Restoration Planting Design: Creating Wildlife Habitat
Every species of wildlife lives in its own characteristic habitat. Within its habitat an animal carries out all of its living-functions: foraging for food and water, seeking cover to hide from predators and the weather, and nesting or denning for reproduction. River Partners tries to think about the spatial arrangement of the plants in their restoration sites so that they provide all of the necessary habitat components wildlife need to live and reproduce. Therefore, River Partners has to first understand what vegetation structures and composition are important to wildlife.
The California Partners in Flight Riparian Bird Conservation Plan is a tool to guide conservation of riparian habitats in California. The plan identifies sixteen “focal species” of riparian birds as important indicators of riparian health and describes detailed habitat structural and floristic requirements of each species. For example, the plan describes the preferred foraging substrates (trees, shrubs, herbaceous) for many birds, as well as the typical height at which birds construct their nests. Through the use of valuable resources such as the Riparian Bird Conservation Plan, River Partners restoration plantings can be designed to create wildlife habitat based on collected data from individual species. Multiple species can be targeted in individual plantings to increase wildlife diversity.

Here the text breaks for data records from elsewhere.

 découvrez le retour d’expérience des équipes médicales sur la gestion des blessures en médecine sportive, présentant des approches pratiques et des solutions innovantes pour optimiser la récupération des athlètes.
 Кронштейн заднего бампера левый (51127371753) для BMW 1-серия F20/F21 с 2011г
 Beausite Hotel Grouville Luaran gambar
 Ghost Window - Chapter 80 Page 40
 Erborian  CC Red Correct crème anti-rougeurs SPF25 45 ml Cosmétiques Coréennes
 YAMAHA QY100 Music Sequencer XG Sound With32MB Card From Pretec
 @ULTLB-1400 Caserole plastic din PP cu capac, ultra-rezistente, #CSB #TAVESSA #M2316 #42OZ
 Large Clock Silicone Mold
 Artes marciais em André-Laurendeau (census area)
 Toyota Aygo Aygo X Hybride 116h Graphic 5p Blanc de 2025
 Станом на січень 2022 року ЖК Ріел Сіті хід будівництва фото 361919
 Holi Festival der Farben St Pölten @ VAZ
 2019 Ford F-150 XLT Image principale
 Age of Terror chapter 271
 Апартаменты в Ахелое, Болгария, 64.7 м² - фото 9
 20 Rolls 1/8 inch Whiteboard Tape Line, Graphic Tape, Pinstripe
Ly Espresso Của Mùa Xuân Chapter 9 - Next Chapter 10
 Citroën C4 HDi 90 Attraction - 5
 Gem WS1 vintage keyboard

The Riparian Bird Conservation Plan is an excellent source of information about the habitat needs of targeted birds. Additionally, the California Department of Fish and Game created the Wildlife Habitat Relationships (CWHR) database which describes the life history and habitat requirements of all birds, mammals, reptiles and amphibians that use riparian areas. River Partners restoration designs are influenced by other focal species in the Central Valley such as the Riparian Brush Rabbit, Valley Elderberry Longhorn Beetle, and anadromous fish.